Jeffkrol, I was under the impression that the 36 gallon bow front is 30" long, not 36". I read the PAR values posted by Lowe and thought that the 30" was the same config as the 24", just longer so I used that number.

And you seem knowledgeable on manufacturer's ratings, so can you please explain why a longer fixture, with more LEDs, but less power per LED, would have a higher PAR value at the sweetspot? Do they change optics to go deeper as the tank gets longer? I understand that the total output increases with more LEDs, by why PAR. Looking at the Finnex site, the 36" seems to be better "powered" compared to the 24" and 48" inch in terms of wattage and the number of LEDs. I know that you cannot compare wattage across completely different models, but why not across lengths within the same model? Are the manufacturers loading up the middle where the rating is taken from? Thanks in advance.


----------



## jeffkrol (Jun 5, 2013)

well, I just look at "aquarium dimensions" when a poster doesn't post the actual ones... 
Could have errored... and your right a 24" is probably valid. 
Not even sure they make a 30 RayII
They do make other real 30" though.
Opp's guess they do:
Aquarium Lights : Amazon.com: Finnex Ray2 Aquarium LED Daylight, 30-Inch

As to PAR ratings and longer fixtures.. think overlapping cones of 120 degree light..At farther distances more "outliers" contribute..










You need to brain modify that image to one row and 120 degree angle to make it more relevent. Too lazy to find the 120/90 ones right at the moment..

most of these fixtures use "wall watts" so somewhat irreverent..PAR overrides watts regardless..

The "company" PAR measurements were done in air w/ an Apogee meter..
In tank (refraction and reflection effects) and a better PAR meter (true 400-700nm measurement) will change the results.. usually favoring the PAR not less.


----------



## Bobbybills (Nov 30, 2015)

jeffkrol said:


> As to PAR ratings and longer fixtures.. think overlapping cones of 120 degree light..At farther distances more "outliers" contribute.


Great graphic, easy to understand.

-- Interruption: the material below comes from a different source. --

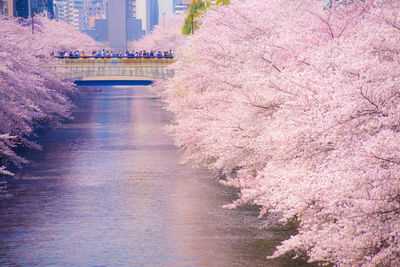 Bridge over river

Does that explain how the end emitters reach the middle, where the max PAR is measured? If you kept adding LEDs at the edges, how does that effect the center cone? You said ignore the 2nd row, but do the longer units have more rows. That would make sense but the dimension changes in length only. I am imagining a unit 50ft long with a single row and how a diode 25ft away would have any effect in a 20" depth tank. Am I making sense?

And as far a wattage, yes I understand the difference between power supply draw and diode power. I understand that efficient emitters will produce more "output" regardless of spectrum, but I assume that the various lengths of fixtures in the same model line use the same diodes and just increase power to handle the added diodes. So my question is why the change in "efficiency" between lengths and why does the 36" provide more power per LED. I am just guessing the answer to be array design changes and perhaps the inexact power supply increments available for mass produced units. I know that you know the answer so please educate me.

Not to completely hijack this thread, the original poster has what I believe to be a 20" deep tank and a 30" Finnex Ray 2 and is expecting to grow light demanding plants, so I just tried to tamper down expectations. What are your thoughts on that issue?


----------



## jeffkrol (Jun 5, 2013)

> Not to completely hijack this thread, the original poster has what I believe to be a 20" deep tank and a 30" Finnex Ray 2 and is expecting to grow light demanding plants, so I just tried to tamper down expectations. What are your thoughts on that issue?


co2 can "make up" somewhat for lower than perfect light levels..
Point is the Ray II is about the strongest PAR SMD common fixture.. Pretty sure their diodes are lens-ed at 90 degrees (or were) unlike the typical 120 found in others of its type.. Same power but more PAR per sq inch due to lensing..
In other words the RayII is an over-performer in its category...
now the lack of red is another matter... 

all tanks have a natural difference, different water, different fertilizers, different plant composition..and will respond different. 

There are certainly stronger albeit much more expensive lights that, if you picck the right one can be "tailored" to whatever light level and "color" one prefers..


----------